# [Work required]
For each line below that contains the word "Ornament", return that line.

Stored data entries
##########

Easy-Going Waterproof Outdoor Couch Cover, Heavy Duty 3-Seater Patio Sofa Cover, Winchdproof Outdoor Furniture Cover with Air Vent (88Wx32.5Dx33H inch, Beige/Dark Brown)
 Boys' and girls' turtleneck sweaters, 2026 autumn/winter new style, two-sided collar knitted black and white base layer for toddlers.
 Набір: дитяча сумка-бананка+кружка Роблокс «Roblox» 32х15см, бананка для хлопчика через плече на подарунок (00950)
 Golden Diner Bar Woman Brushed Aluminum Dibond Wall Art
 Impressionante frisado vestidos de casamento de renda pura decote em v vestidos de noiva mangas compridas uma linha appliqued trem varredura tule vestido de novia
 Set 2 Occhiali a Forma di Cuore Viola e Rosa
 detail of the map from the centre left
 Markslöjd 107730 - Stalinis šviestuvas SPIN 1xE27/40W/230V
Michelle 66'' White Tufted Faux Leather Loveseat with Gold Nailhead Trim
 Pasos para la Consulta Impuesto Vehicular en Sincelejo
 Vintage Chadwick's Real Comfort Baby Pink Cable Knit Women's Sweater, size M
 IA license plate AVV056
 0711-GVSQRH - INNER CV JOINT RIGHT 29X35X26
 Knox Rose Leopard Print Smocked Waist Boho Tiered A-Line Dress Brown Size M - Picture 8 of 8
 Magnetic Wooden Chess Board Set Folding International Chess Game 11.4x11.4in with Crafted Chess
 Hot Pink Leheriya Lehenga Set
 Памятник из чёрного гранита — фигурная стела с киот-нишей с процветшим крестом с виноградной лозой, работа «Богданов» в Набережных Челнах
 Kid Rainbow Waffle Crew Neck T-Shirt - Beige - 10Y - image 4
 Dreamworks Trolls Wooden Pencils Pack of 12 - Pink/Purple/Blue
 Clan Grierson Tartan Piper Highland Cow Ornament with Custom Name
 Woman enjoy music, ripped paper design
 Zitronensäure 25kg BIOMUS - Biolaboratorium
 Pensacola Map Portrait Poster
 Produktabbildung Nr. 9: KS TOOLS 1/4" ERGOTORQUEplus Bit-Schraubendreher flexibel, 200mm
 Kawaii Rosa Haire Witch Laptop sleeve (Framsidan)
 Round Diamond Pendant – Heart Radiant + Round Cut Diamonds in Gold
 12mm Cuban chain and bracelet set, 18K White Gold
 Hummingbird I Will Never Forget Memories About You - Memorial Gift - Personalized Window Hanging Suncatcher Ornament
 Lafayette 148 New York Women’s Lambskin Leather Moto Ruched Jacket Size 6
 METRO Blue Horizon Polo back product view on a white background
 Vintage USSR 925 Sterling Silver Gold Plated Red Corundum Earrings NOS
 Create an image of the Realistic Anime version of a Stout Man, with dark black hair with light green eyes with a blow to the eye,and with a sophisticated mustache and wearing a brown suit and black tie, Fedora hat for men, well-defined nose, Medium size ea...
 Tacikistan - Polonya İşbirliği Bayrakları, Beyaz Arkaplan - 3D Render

##########

# [Answer for the task]
 Clan Grierson Tartan Piper Highland Cow Ornament with Custom Name
 Hummingbird I Will Never Forget Memories About You - Memorial Gift - Personalized Window Hanging Suncatcher Ornament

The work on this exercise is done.